■ **Aim of the exercise**
Look for the line that has "TRAVELIN' Leder-Chelsea-Boots in" in the material below; please repeat it and every line after it, exactly, up to and including the line that has "LEWE Lot de", and nothing else.

■ **Records for this exercise**
╔══

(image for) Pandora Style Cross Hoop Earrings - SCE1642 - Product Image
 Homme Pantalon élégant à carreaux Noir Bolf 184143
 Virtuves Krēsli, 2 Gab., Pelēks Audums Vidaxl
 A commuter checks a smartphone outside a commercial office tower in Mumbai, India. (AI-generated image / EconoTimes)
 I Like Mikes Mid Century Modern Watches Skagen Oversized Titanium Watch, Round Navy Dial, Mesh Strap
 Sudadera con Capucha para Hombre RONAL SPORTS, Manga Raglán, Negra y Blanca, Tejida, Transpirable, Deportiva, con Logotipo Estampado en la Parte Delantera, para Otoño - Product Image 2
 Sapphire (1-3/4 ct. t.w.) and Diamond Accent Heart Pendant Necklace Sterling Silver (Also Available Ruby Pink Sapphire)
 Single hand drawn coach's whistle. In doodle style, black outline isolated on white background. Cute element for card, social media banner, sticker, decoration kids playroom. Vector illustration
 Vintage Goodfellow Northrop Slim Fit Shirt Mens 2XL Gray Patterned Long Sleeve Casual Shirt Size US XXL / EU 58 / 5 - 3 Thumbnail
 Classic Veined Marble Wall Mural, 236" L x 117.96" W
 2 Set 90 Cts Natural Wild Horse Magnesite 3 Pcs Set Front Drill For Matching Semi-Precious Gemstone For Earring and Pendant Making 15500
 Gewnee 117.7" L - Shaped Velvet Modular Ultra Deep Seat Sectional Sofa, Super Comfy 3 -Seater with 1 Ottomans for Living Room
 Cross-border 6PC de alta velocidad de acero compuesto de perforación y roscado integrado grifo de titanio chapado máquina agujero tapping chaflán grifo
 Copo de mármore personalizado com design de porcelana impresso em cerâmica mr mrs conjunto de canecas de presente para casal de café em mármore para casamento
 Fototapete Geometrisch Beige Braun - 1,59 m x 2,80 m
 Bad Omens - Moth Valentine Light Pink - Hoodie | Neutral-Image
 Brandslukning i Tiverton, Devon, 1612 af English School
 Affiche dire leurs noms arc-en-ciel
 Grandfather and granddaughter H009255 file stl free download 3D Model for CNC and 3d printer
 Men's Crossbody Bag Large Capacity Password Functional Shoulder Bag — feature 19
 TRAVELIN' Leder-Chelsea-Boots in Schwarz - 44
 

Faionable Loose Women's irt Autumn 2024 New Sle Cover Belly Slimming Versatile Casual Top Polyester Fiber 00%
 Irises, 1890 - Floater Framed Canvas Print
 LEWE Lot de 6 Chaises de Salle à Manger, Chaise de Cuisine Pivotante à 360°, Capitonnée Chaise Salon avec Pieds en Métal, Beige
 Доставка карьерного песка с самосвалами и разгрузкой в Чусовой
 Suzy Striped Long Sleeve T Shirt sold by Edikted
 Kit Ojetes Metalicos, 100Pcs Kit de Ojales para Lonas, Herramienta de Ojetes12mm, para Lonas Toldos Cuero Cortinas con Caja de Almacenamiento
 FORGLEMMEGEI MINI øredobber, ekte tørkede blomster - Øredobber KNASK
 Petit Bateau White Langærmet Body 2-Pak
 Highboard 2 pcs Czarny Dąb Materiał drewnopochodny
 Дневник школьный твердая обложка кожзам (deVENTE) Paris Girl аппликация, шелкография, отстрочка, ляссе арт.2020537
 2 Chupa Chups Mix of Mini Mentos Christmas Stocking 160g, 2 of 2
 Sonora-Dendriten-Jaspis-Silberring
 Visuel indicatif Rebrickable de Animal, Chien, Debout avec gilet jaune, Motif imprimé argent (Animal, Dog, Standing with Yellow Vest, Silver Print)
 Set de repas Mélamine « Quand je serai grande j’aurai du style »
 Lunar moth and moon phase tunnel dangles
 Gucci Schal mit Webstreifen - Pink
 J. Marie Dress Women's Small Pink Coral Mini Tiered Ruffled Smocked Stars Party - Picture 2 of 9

╚══

■ **Response**
 TRAVELIN' Leder-Chelsea-Boots in Schwarz - 44
 

Faionable Loose Women's irt Autumn 2024 New Sle Cover Belly Slimming Versatile Casual Top Polyester Fiber 00%
 Irises, 1890 - Floater Framed Canvas Print
 LEWE Lot de 6 Chaises de Salle à Manger, Chaise de Cuisine Pivotante à 360°, Capitonnée Chaise Salon avec Pieds en Métal, Beige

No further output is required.